● Data under study
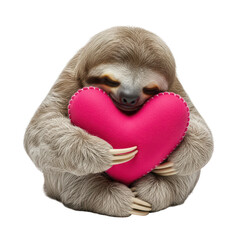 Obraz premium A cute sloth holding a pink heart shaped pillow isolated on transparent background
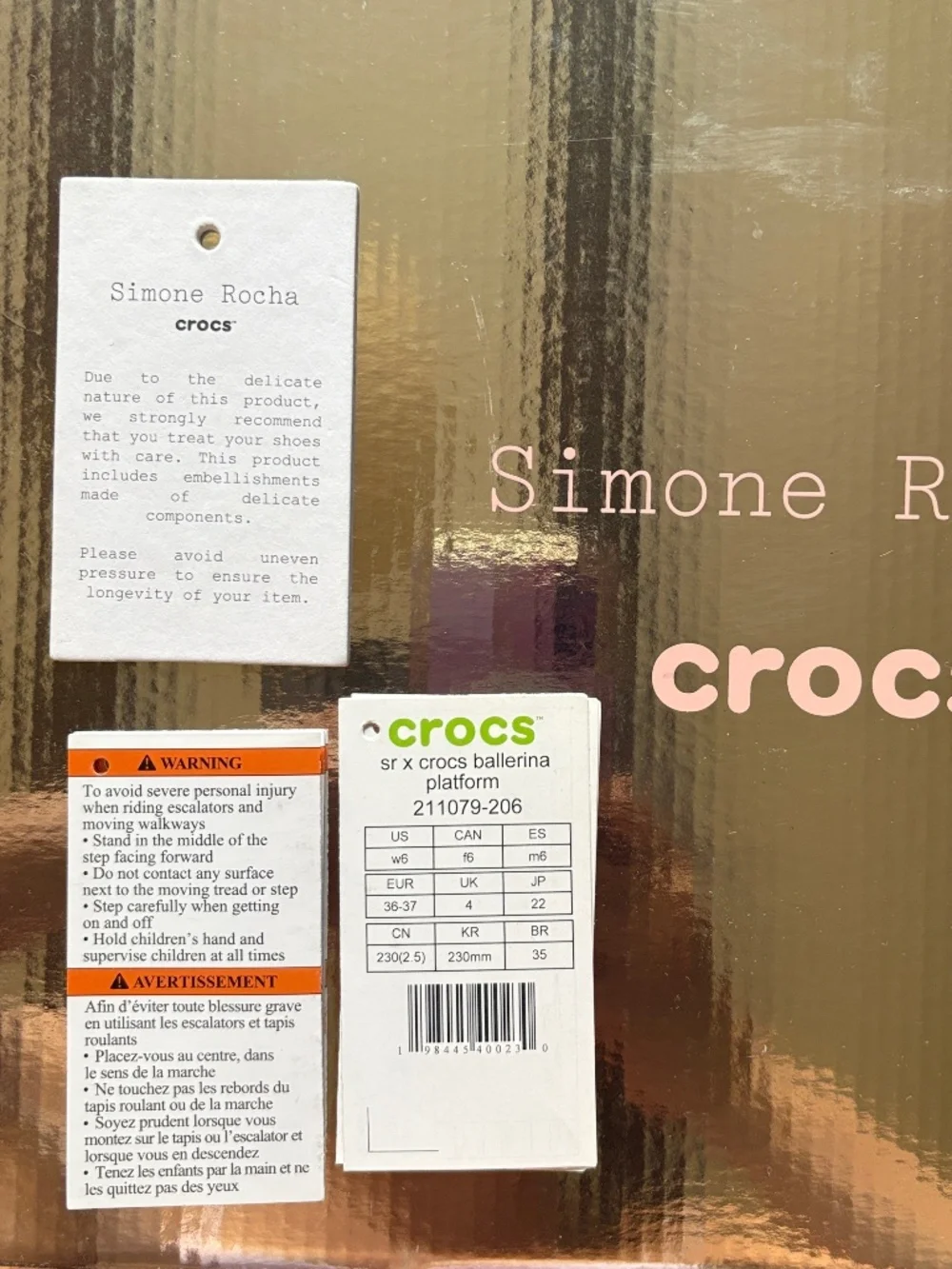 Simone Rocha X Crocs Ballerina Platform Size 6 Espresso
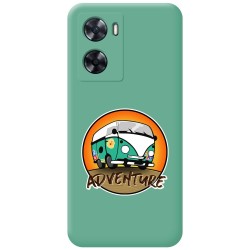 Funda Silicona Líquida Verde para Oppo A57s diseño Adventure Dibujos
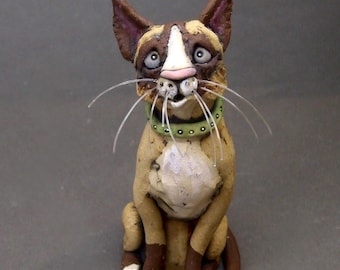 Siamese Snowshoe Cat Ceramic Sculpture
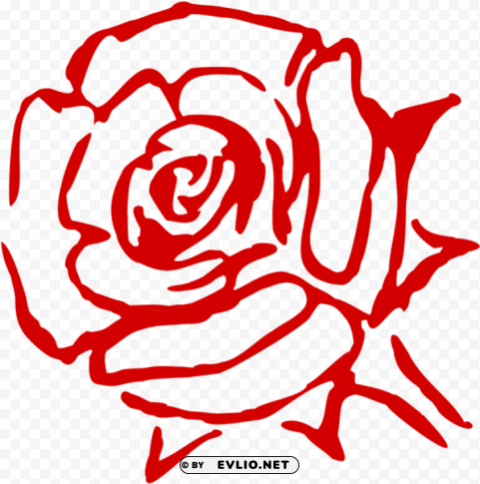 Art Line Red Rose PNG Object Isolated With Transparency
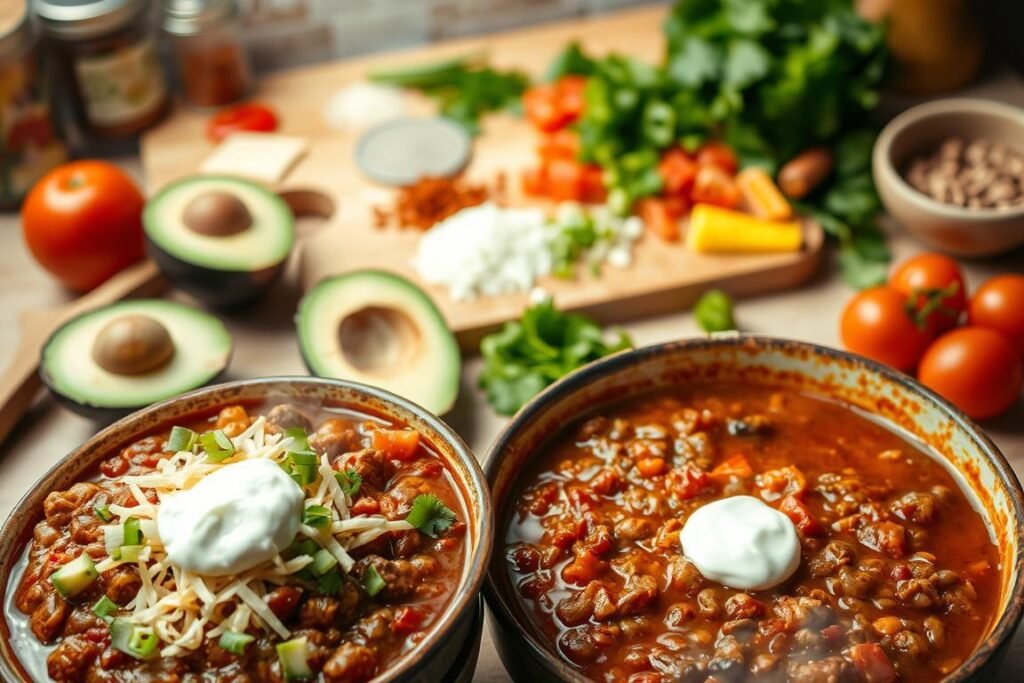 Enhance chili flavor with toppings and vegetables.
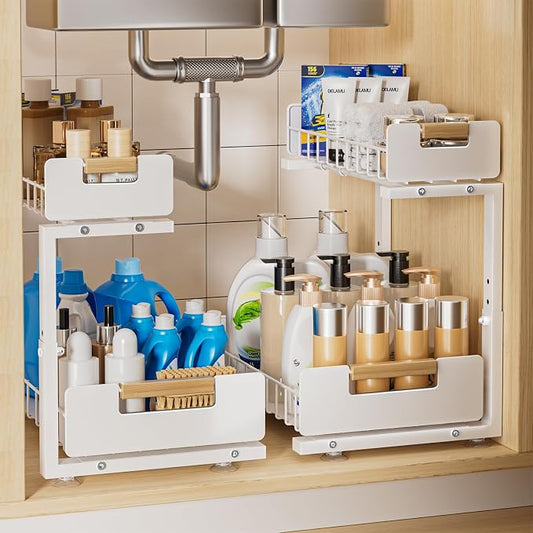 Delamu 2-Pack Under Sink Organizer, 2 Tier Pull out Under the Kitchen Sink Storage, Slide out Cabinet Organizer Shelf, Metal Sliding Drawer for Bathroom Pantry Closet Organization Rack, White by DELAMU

● Instructions for the task
Nothing but the lines from the one that contains "Siamese Snowshoe Cat Ceramic Sculpture" through the end of the material above is to be reproduced, exactly and without pictures.

● Exercise result
 Siamese Snowshoe Cat Ceramic Sculpture
 Art Line Red Rose PNG Object Isolated With Transparency
 Enhance chili flavor with toppings and vegetables.
 Delamu 2-Pack Under Sink Organizer, 2 Tier Pull out Under the Kitchen Sink Storage, Slide out Cabinet Organizer Shelf, Metal Sliding Drawer for Bathroom Pantry Closet Organization Rack, White by DELAMU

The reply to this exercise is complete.